“The two men were Tibetan peasants. In the early 1930s, they embarked on a religious pilgrimage from the area around Yusho in Eastern Tibet to Lhasa. They were intent on entering a monastery—not an uncommon practice for young men in that culture. But early in their journey, as a result of an intense snowstorm, they became lost and wandered along the Dza (Mekong) river into Southeastern China, where they were captured by bandits.
Shortly after their capture, the bandits packed up and marched into Northern China to join the Communists, taking the two young Tibetans with them. From there, the two men escaped, and, after several years in which they probably skirted the northern lip of the Tibetan plateau, blundered into Central Russia, where they fell into the hands of the Russian authorities at Tashkent.

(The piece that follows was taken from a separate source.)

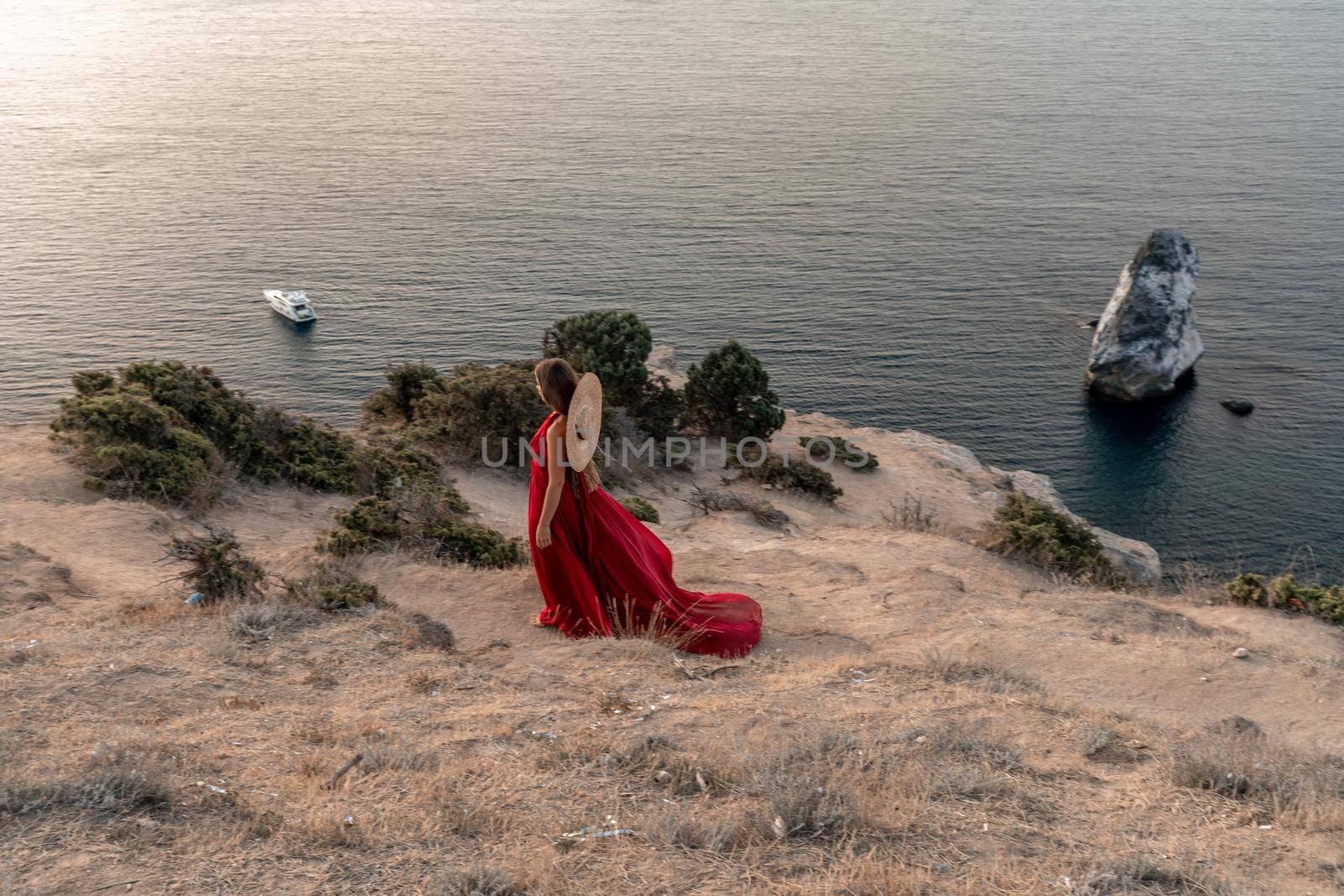 A girl with loose hair in a red dress and hat stands on the rocks above the sea. In the background, the sea and the rocks. The concept of travel. by Matiunina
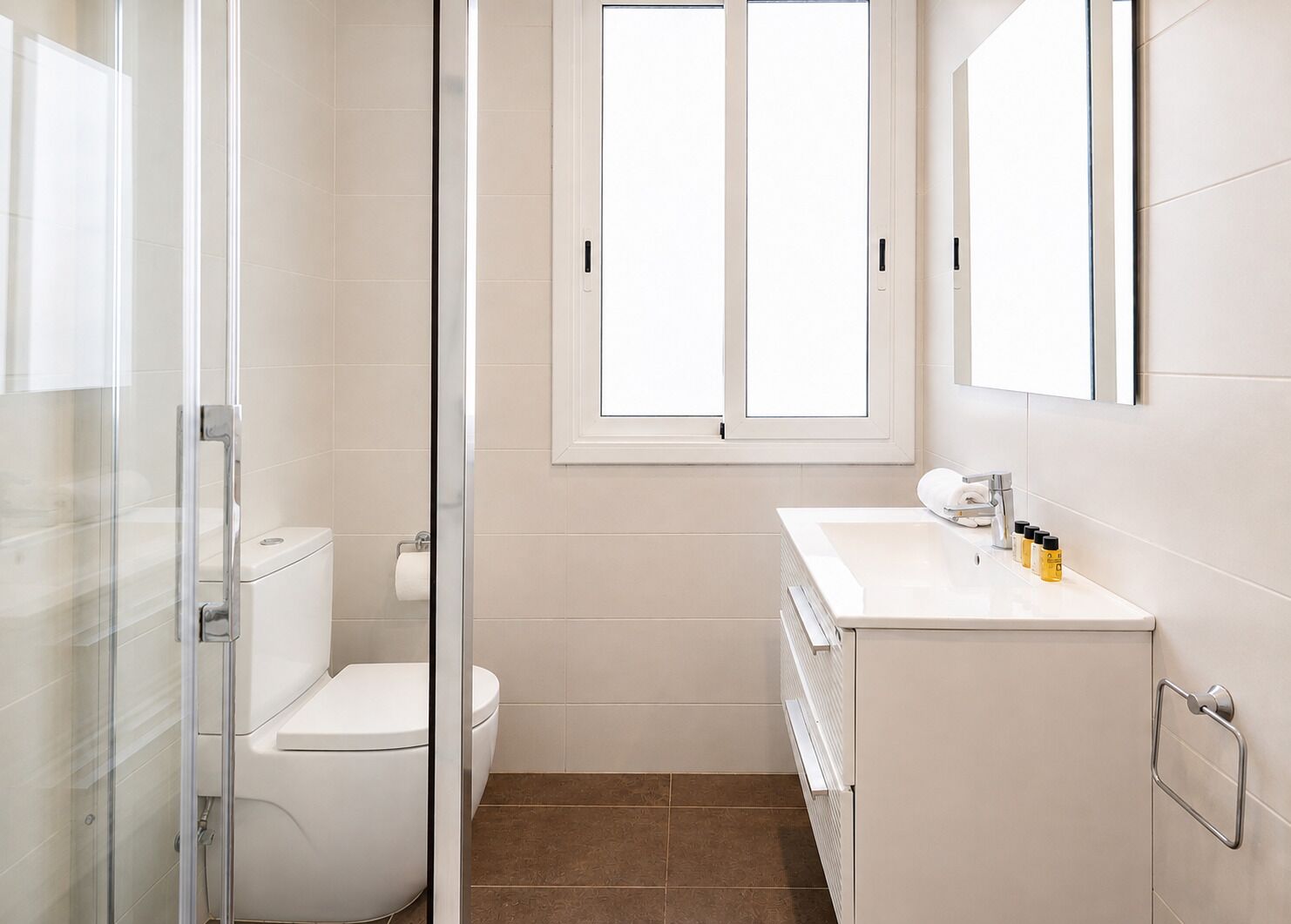 A bathroom with a toilet, a shower enclosure, a sink with toiletries, and a window.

The Germans had just invaded Russia, and the Tibetans were inducted into the Russian army and packed off to the Eastern Front as cannon fodder. Before long they were captured by the Germans—it wasn't clear whether by military misadventure or because they simply wandered away from their encampment and in behind the German lines.
Luckily, the German commandant involved in their capture didn't execute them. Instead, he had them transported to Poland, where they worked for a time in a concentration camp—Captain Surry couldn't determine which one it was, or its size, only that people were, in the words of the Tibetans, coming there "to the smoky light".
But as winter approached, and under threat of the now-oncoming Russian armies, the concentration camp was dismantled and the two Tibetans were inducted into the German Army and transported to Normandy.
There, we know, once again they fell into the hands of a new authority. Captain Surry went over the events again and again with the Tibetans, convinced that the riddle of their unlikely survival and their profound, elastic passivity in the face of hardship after hardship was eluding him.
The modern world had done its worst to them, and yet had done nothing at all. The Tibetans were neither stupid men nor, on their own terms, were they ignorant.
Finally, it came to him. For ten years, these two men had believed that they were dead.
Reluctantly, the Tibetans confirmed his theory and elaborated. In their terms, their ordeal had been a test of their being, and a means, they hoped, of gaining Nirvana, however confusing and unorthodox those means were.
They had survived because from the very first days they had believed that they were dead men caught in an unpredictable Bardo, or netherworld.
To the Tibetans, bodily survival had not been a goal, since they believed that they were already dead.
They were traversing the netherworld in order to be reborn. They'd sought shelter, eaten and slept only because their bodies continued to make demands for shelter, food and sleep.”
So, when in distress, simply ask yourself: have I considered treating this problem as an otherworldly test of character in which physical survival is irrelevant?